I’d think crack of dawn or fishing until dark would be the best option.
SF
 

N. Metz

Active Member
Stonefish, I definitely think the water temps are a factor, especially with the low flows. Smallies seem to be a bit more sensitive to water temp than Largemouth.

Guess I need to go and hit the deepest pools I know.
 

Stonefish

Triploid, Humpy & Seaplane Hater....Know Grizzler
Are smallmouth bass considered a warm water fish?!? I didn’t know that. Seems like they shouldn’t be…..

They’ve always been considered a warmwater fish, but maybe you can petition the state to change it to a coldwater fish and replace the steelhead as the official state fish.
Steelhead will be extinct soon so let’s get an early jump on its replacement.
SF
 

DerekWhipple

Active Member
Are smallmouth bass considered a warm water fish?!? I didn’t know that. Seems like they shouldn’t be…..
They prefer colder water than LMB (high 60's to 70's), but it is still way too hot for trout.


When it got to be summer in Indiana and the rivers and creeks would start to look bony, they would stack up in deeper spots. Most of the creeks at that time of year were super shallow riffles that dumped into deeper holes.
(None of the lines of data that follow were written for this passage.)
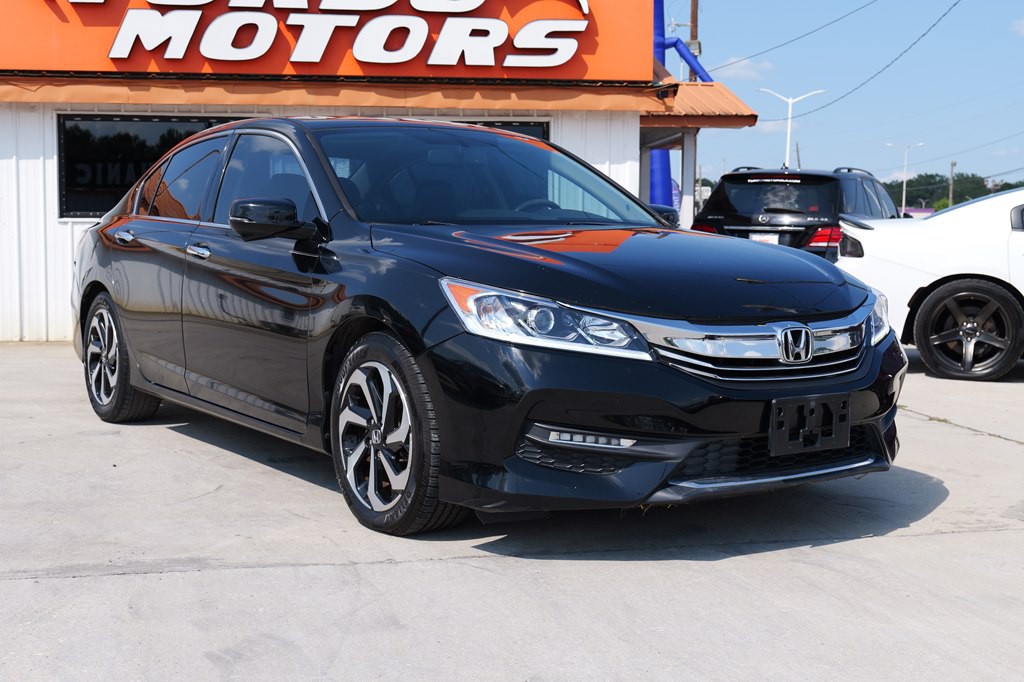 2016 Honda Accord Image 2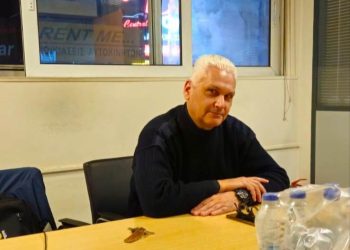 Ξενύχτησε στο συντονιστικό κέντρο της πυροσβεστικής ο αντιπεριφερειάρχης Αχαΐας Φωκίωνας Ζαΐμης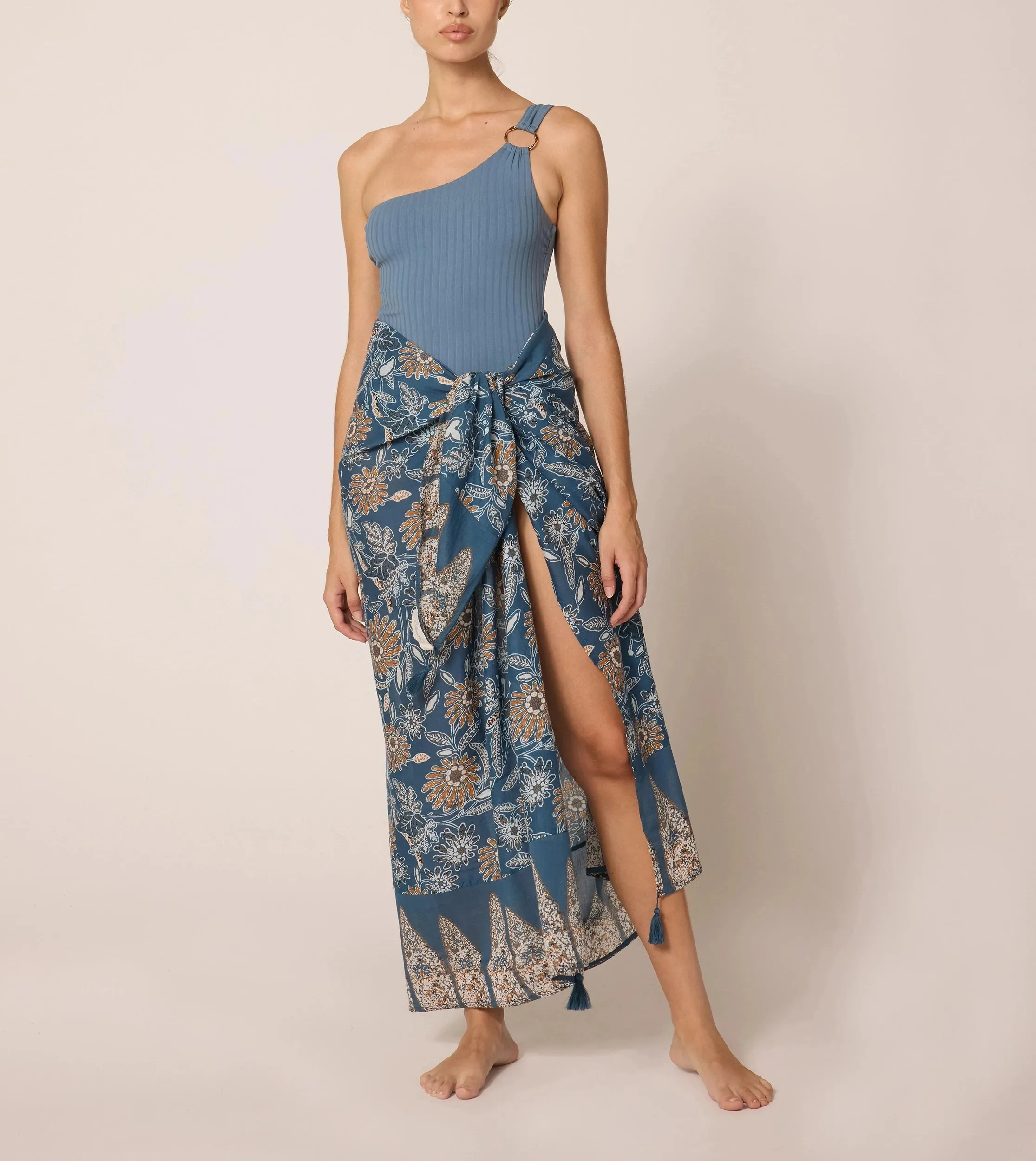 Artemis Sarong | Magnolia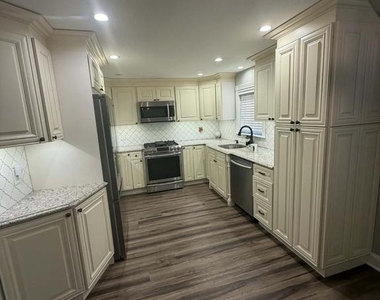 814 Kendrick Street - Photo Thumbnail 9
Find a spring or a shady spot with oxygenated water. That's my guess anyway.
 

triploidjunkie

Active Member
My experience is they go back into lakes if it is an option. If they can't get back to bigger water, they'll sulk in the deepest pools they can find. They should be stacked up and noticable, so I'm guessing they fled to the lakes.
 

triploidjunkie

Active Member
My experience is they go back into lakes if it is an option. If they can't get back to bigger water, they'll sulk in the deepest pools they can find. They should be stacked up and noticable, so I'm guessing they fled to the lakes.